Jeśli chodzi o serię FX, to modele 5900, 5900XT, 5900Ultra są jak najbardziej godne polecenenia. Generalizowanie że "cała" seria fx jest do d**y jest błędem. Najlepsze jest to że głównie wypowiadają się osoby które nigdy nie miały styczności z modelami wyżej wymienionymi. Sam miałem FX5900XT w okresie 2004-2005 i wszystkie gierki śmigały z detalami na maxa w rozdzielczości 1024 na 768 AAx2. Jeśli chodzi o problemy z DX 9.0 to tylko pojawiły się w HL2, lecz do momentu kiedy to zainstalowałem patcha
aktywującego efekty DX 9.0. Fpsy nie spadały poniżej 28. Warto wspomnieć o potencjale overclockerskim.

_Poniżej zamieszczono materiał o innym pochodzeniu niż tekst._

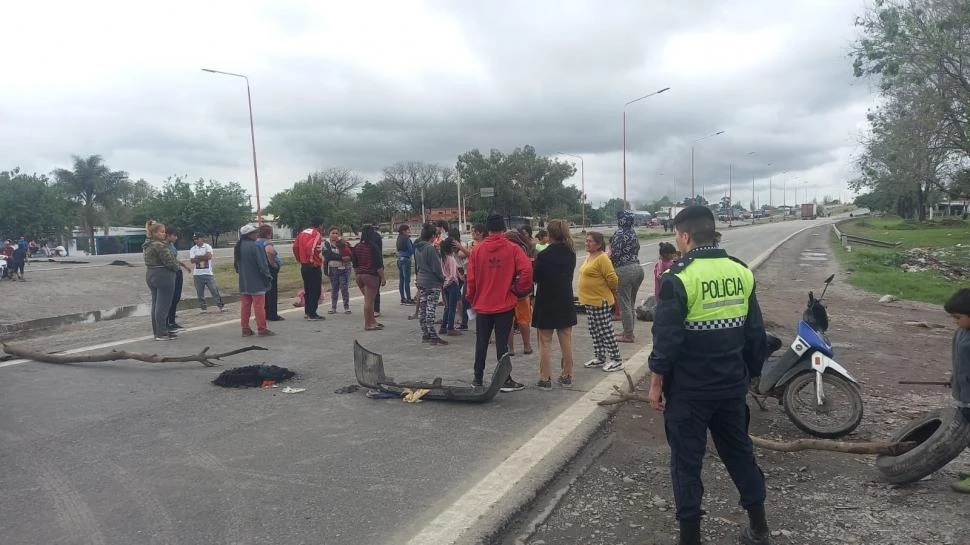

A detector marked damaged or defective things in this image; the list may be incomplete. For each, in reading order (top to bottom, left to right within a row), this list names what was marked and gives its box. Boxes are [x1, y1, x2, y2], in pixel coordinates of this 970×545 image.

burnt tire [872, 408, 964, 484] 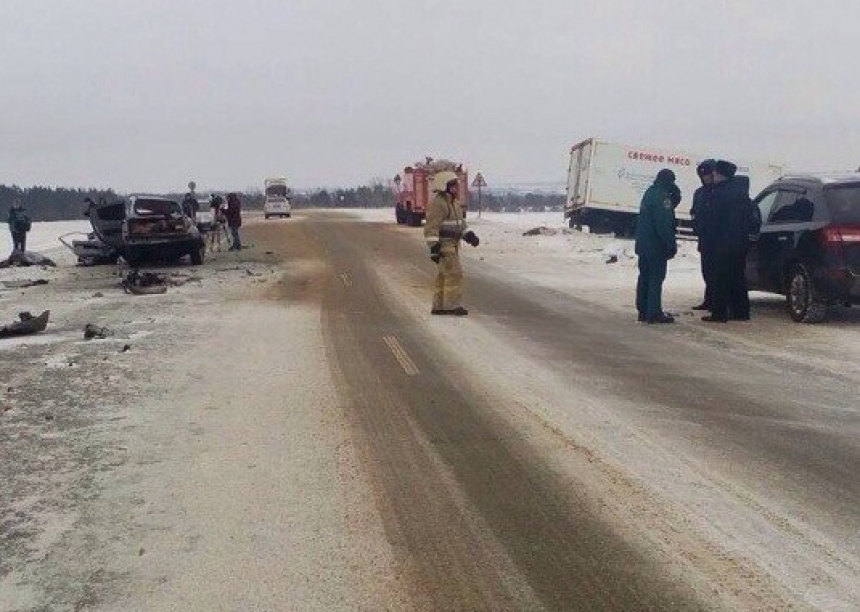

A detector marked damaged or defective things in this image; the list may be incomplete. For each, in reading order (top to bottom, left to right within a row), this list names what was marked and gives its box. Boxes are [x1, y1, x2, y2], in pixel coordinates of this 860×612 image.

W standardzie FX 5900XT miał pamięci 2.8ns, lecz jak się okazało większość modeli miało 2.5ns a nawet 2.2ns.
Efekt, pamięć taktowana na grubo ponad 900mhz! Edycja biosu (agresywniejsze timmingi) to kolejny "kop" dla tej karty. To tyle jeśli chodzi o ten temat, pewnie i tak nie przekonałem "pacyfikatorów serii Fx", no ale cóż takie life.
Wracając do meritum to za 100zł opłaca się tylko GF TI4200, lepszej karty się nie opłaca kupować bo będzie wyjątkowo spowalniana przez procesor. Pozdrawiam.